- [What needs to be done]: Copy the listing below letter for letter, passing over each picture.

- [Dataset section]:
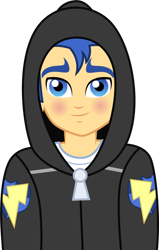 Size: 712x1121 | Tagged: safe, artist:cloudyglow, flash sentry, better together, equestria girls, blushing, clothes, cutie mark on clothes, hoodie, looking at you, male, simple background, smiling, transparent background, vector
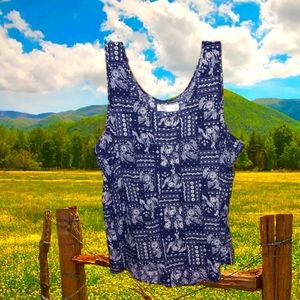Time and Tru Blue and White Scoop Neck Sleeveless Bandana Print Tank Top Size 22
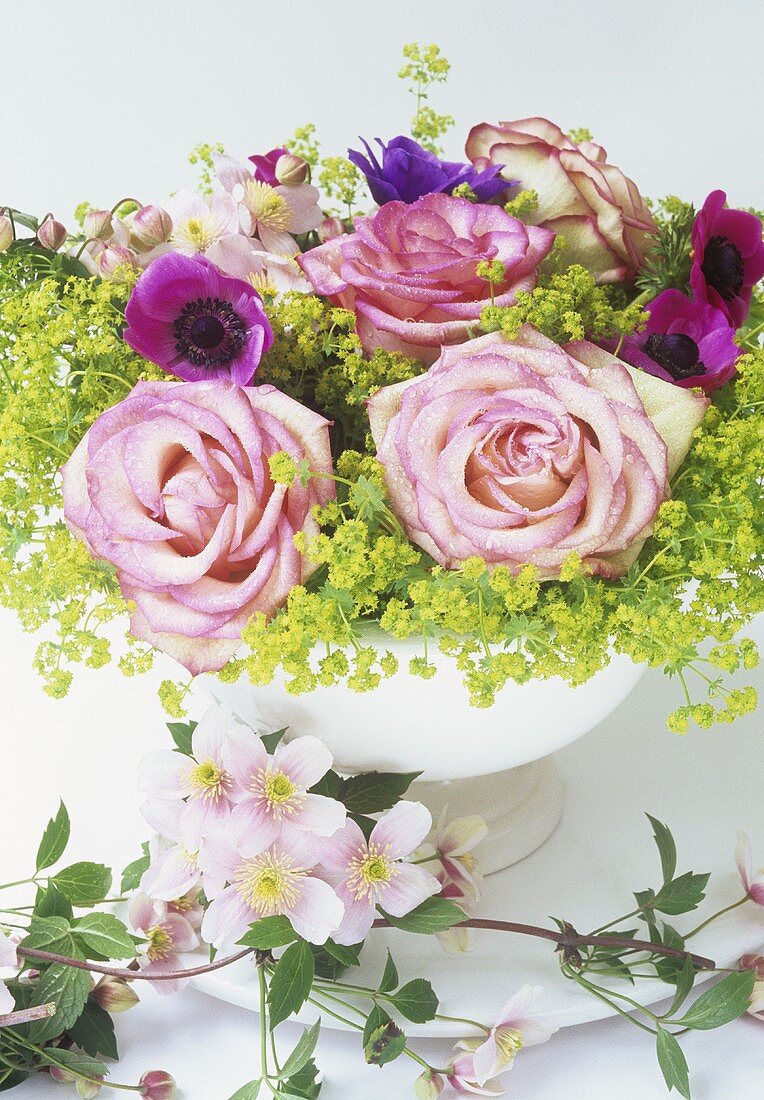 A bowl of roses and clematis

- [Task response]:
 Size: 712x1121 | Tagged: safe, artist:cloudyglow, flash sentry, better together, equestria girls, blushing, clothes, cutie mark on clothes, hoodie, looking at you, male, simple background, smiling, transparent background, vector
Time and Tru Blue and White Scoop Neck Sleeveless Bandana Print Tank Top Size 22
 A bowl of roses and clematis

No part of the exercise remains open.